** Extracted entries follows **

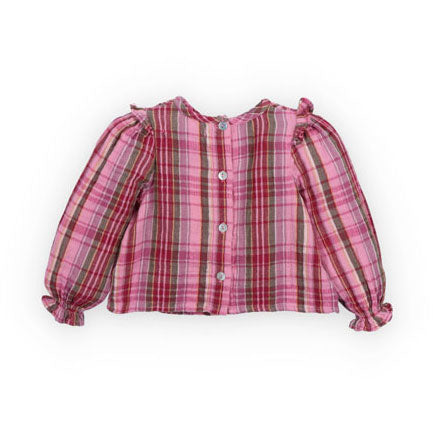 The New Society Dream Lush Check Adriana Baby Blouse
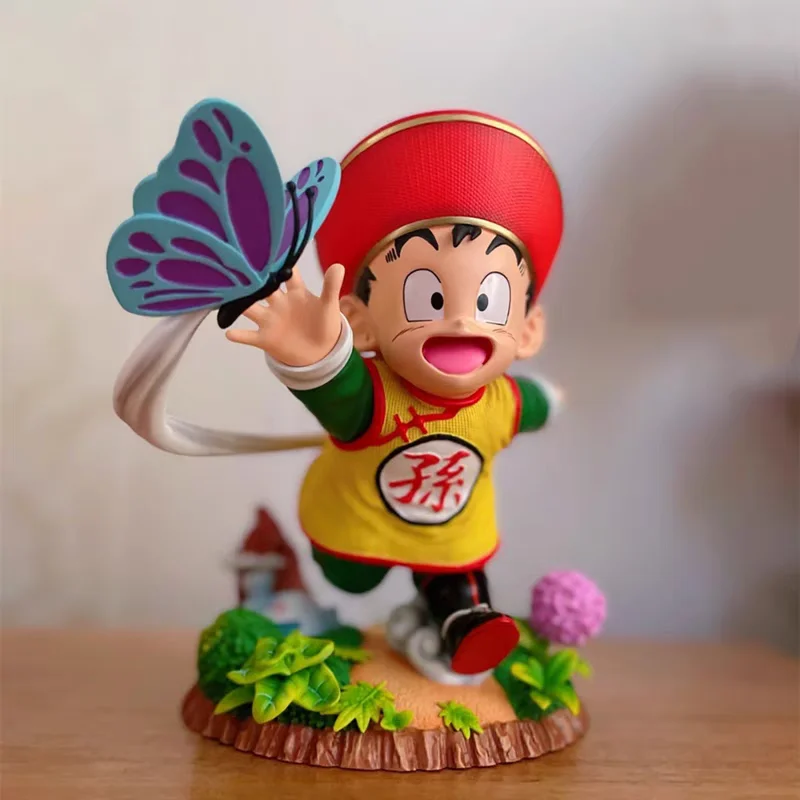 19cm Dragon Ball Z Son Gohan Anime postava Goku Super Saiyan Catch Catch Model Model Collection Ozdob Hračky roztomilé darčeky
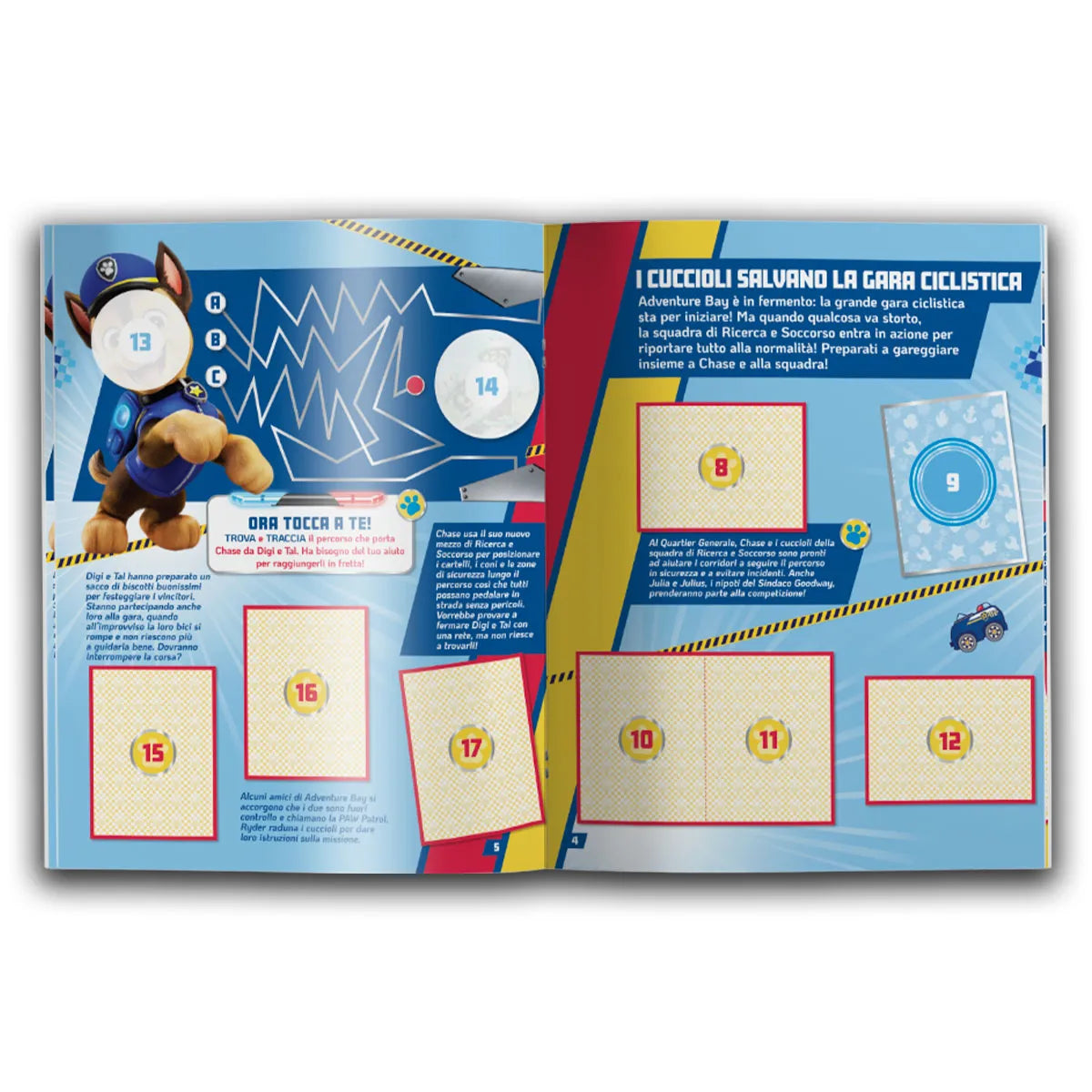 Album e/o Bustine di Figurine di PAW PATROL Search & Rescue Sticker Album - Panini 2026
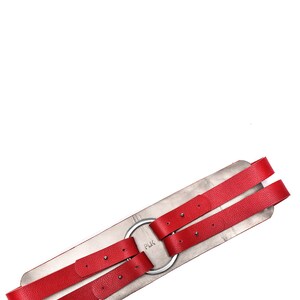 obi leather corset belt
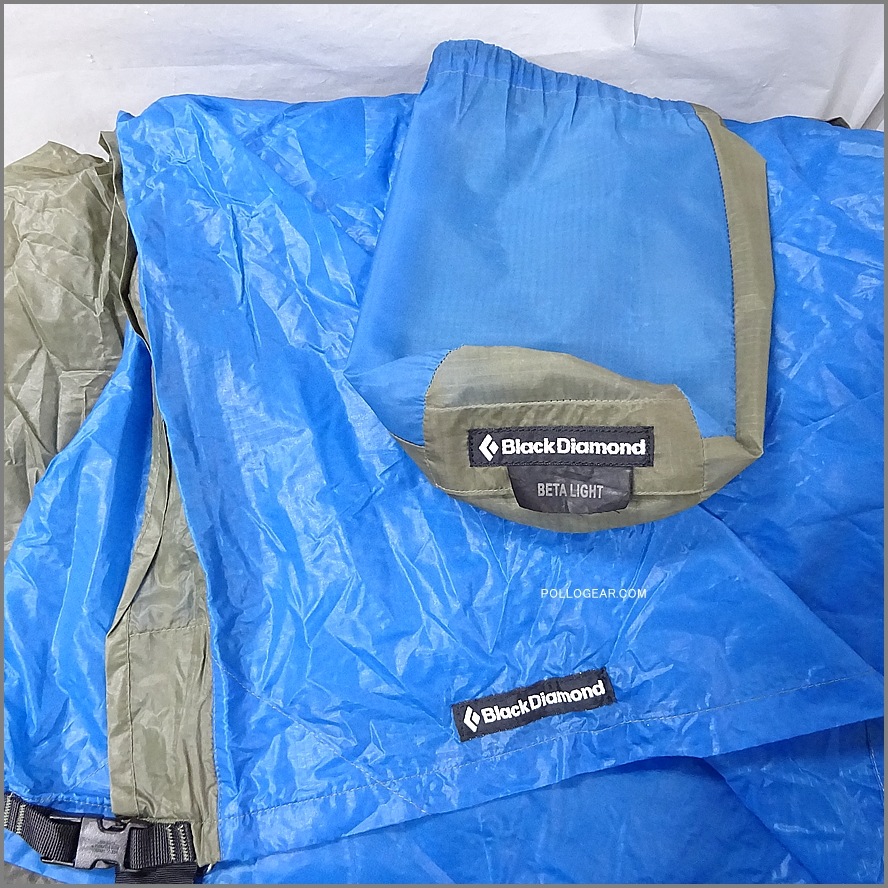 未使用品★Black Diamond<br>Beta Light ベータライト<br>SIL シェルター テント<br>ブラックダイヤモンド<br>ウルトラライトギア<br>ツートンカラー ブルー グレー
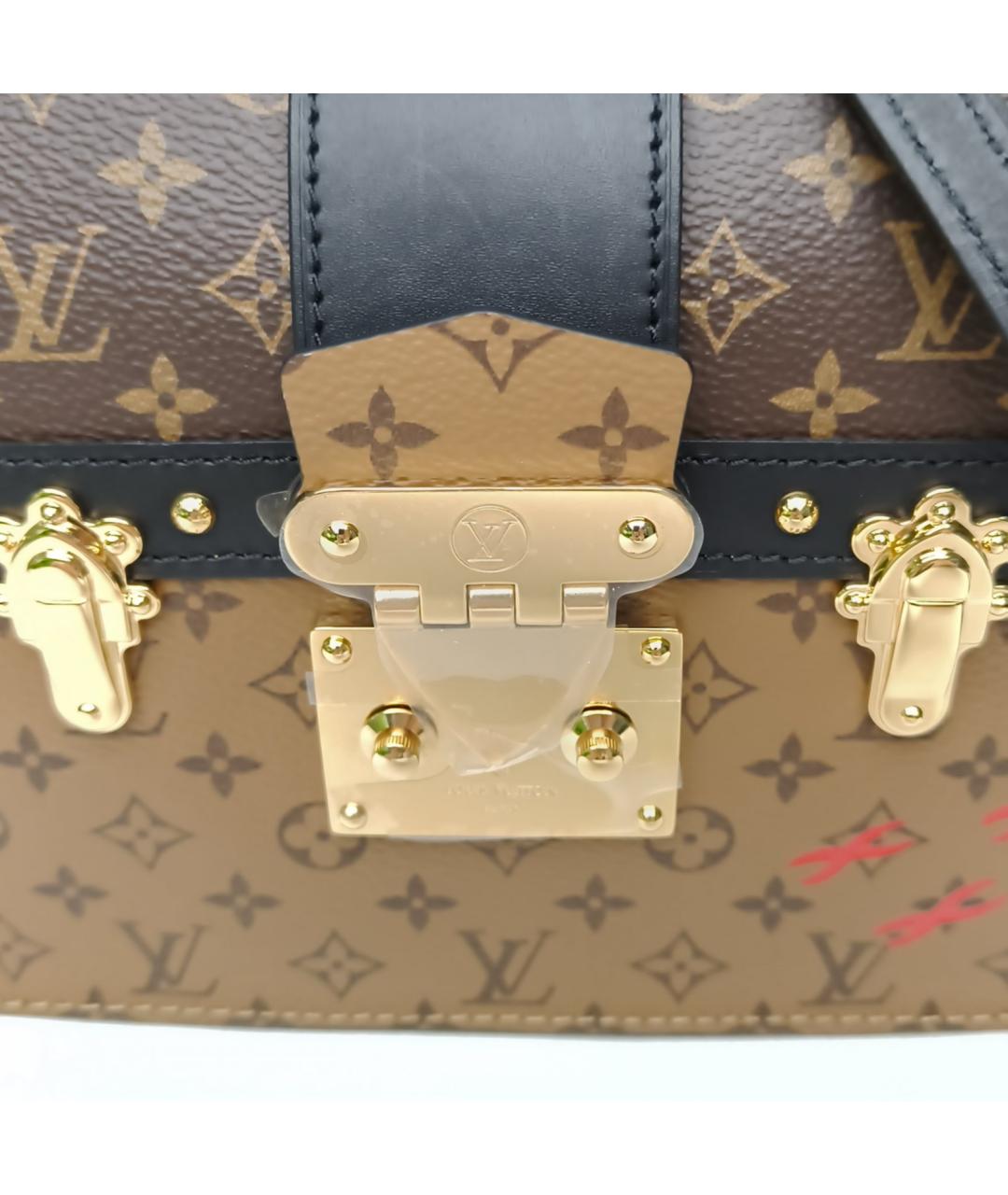 LOUIS VUITTON Коричневая сумка через плечо, фото 7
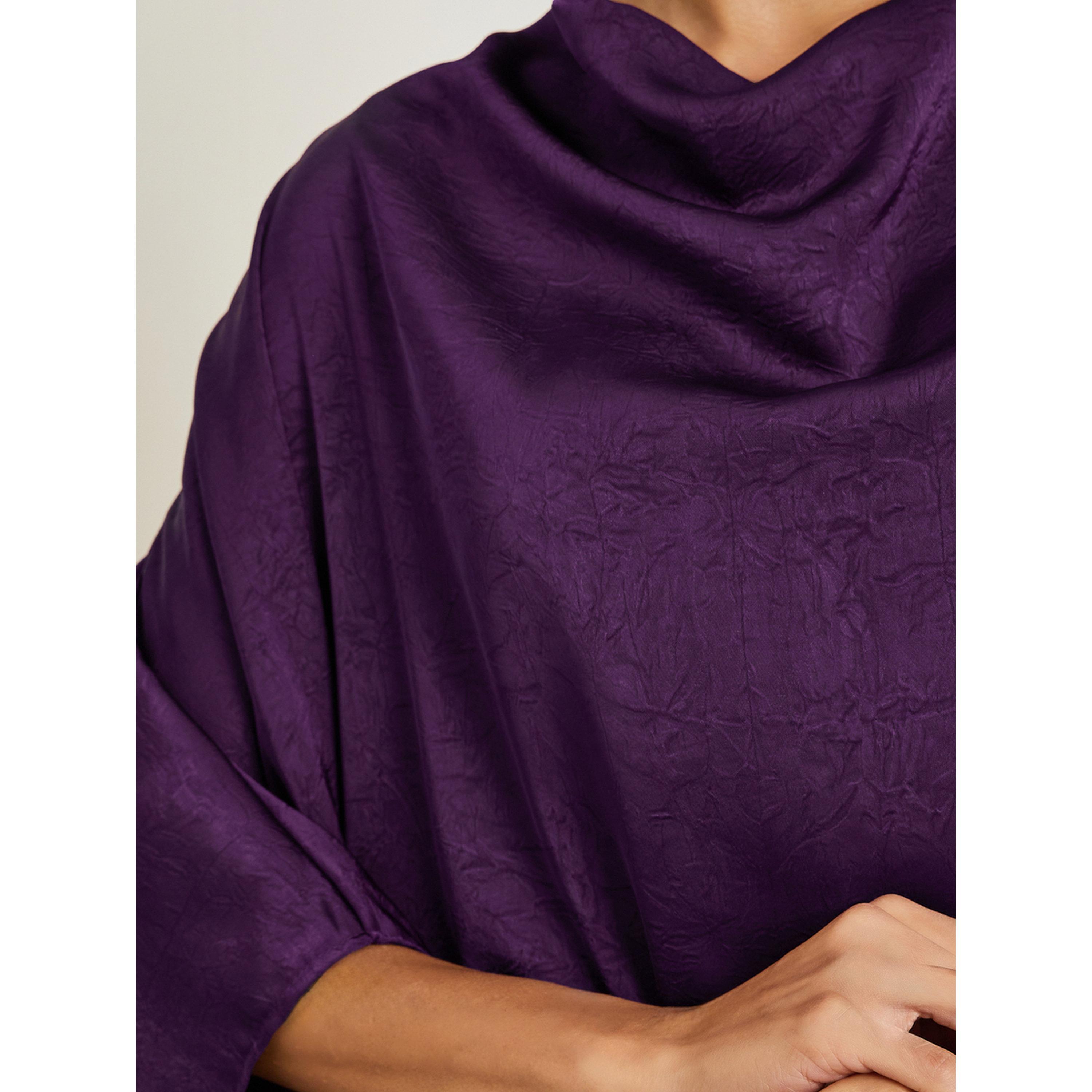 قفطان ساتان بياقة متدلية-women-arabicclothing-kaftan-image-4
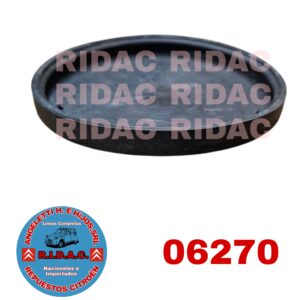 GUARDAPOLVO TRAVIESA TRASERA 3CV GOMA | Codigo Ridac: 06270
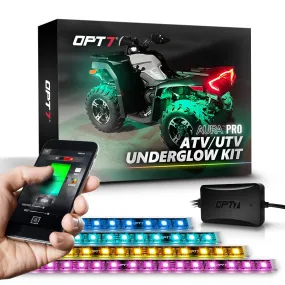 AURA PRO ATV-UTV Underbody Glow LED Lighting Kit - Bluetooth Enabled APP - Full Color Spectrum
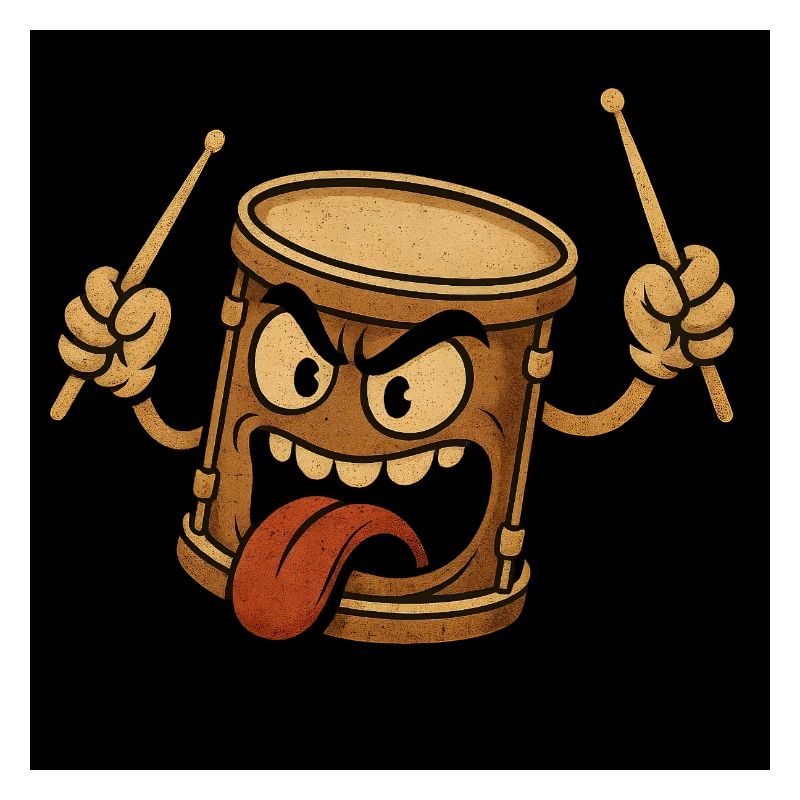 Aggressiver Trommelmonster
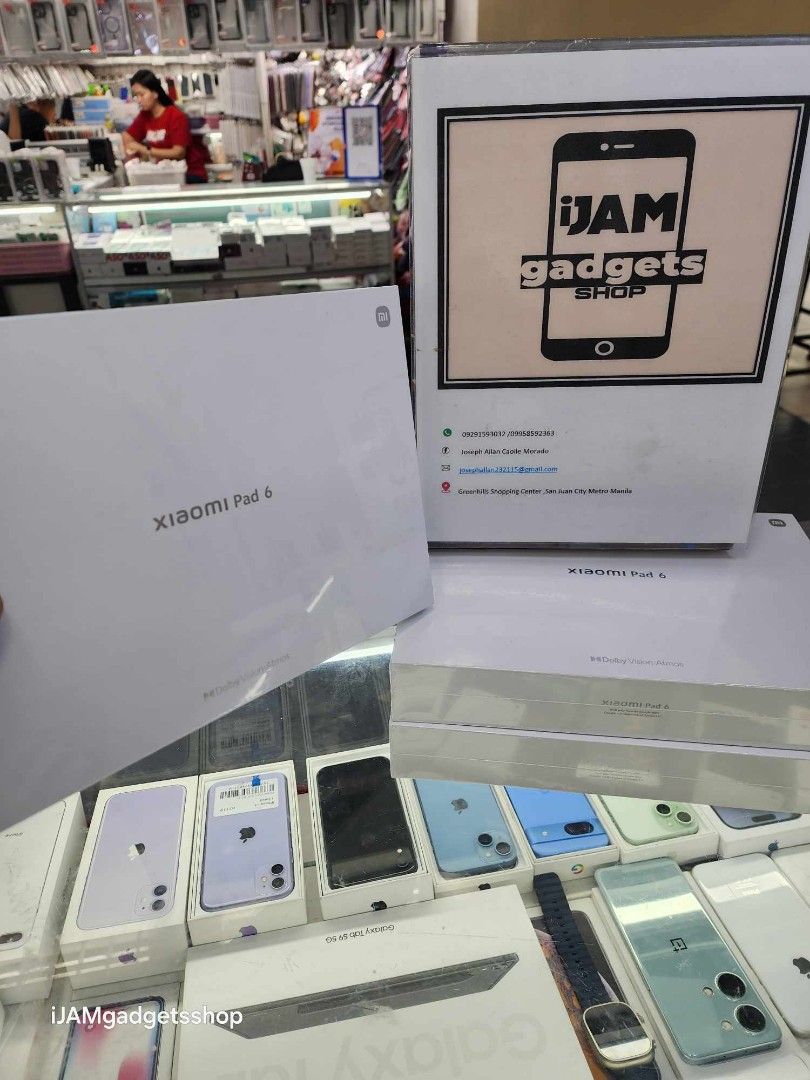 Xiaomi pad 6 brandnew (Category: Android) located in Manila. Submitted by ijamgadgetsshop (Listing ID 1322410314, Image 1). Description: xiaomi pad 6 brandnew sealed 6/128- 15500 8/128- 17500 📌we do cod in metro manila and near provinces just add sf only accept trade in swap 📌can visit in my store at greenhills shopping center 📌we do LBC transaction 📌we accept credit card in store 📌for fast transaction make acall 09291593032/09958592363.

** End of Extracted entries **

### How to complete this task
Write the records out in full, word for word; leave every picture behind.

### Result
 The New Society Dream Lush Check Adriana Baby Blouse
 19cm Dragon Ball Z Son Gohan Anime postava Goku Super Saiyan Catch Catch Model Model Collection Ozdob Hračky roztomilé darčeky
 Album e/o Bustine di Figurine di PAW PATROL Search & Rescue Sticker Album - Panini 2026
 obi leather corset belt
 未使用品★Black Diamond<br>Beta Light ベータライト<br>SIL シェルター テント<br>ブラックダイヤモンド<br>ウルトラライトギア<br>ツートンカラー ブルー グレー
 LOUIS VUITTON Коричневая сумка через плечо, фото 7
 قفطان ساتان بياقة متدلية-women-arabicclothing-kaftan-image-4
 GUARDAPOLVO TRAVIESA TRASERA 3CV GOMA | Codigo Ridac: 06270
 AURA PRO ATV-UTV Underbody Glow LED Lighting Kit - Bluetooth Enabled APP - Full Color Spectrum
 Aggressiver Trommelmonster
 Xiaomi pad 6 brandnew (Category: Android) located in Manila. Submitted by ijamgadgetsshop (Listing ID 1322410314, Image 1). Description: xiaomi pad 6 brandnew sealed 6/128- 15500 8/128- 17500 📌we do cod in metro manila and near provinces just add sf only accept trade in swap 📌can visit in my store at greenhills shopping center 📌we do LBC transaction 📌we accept credit card in store 📌for fast transaction make acall 09291593032/09958592363.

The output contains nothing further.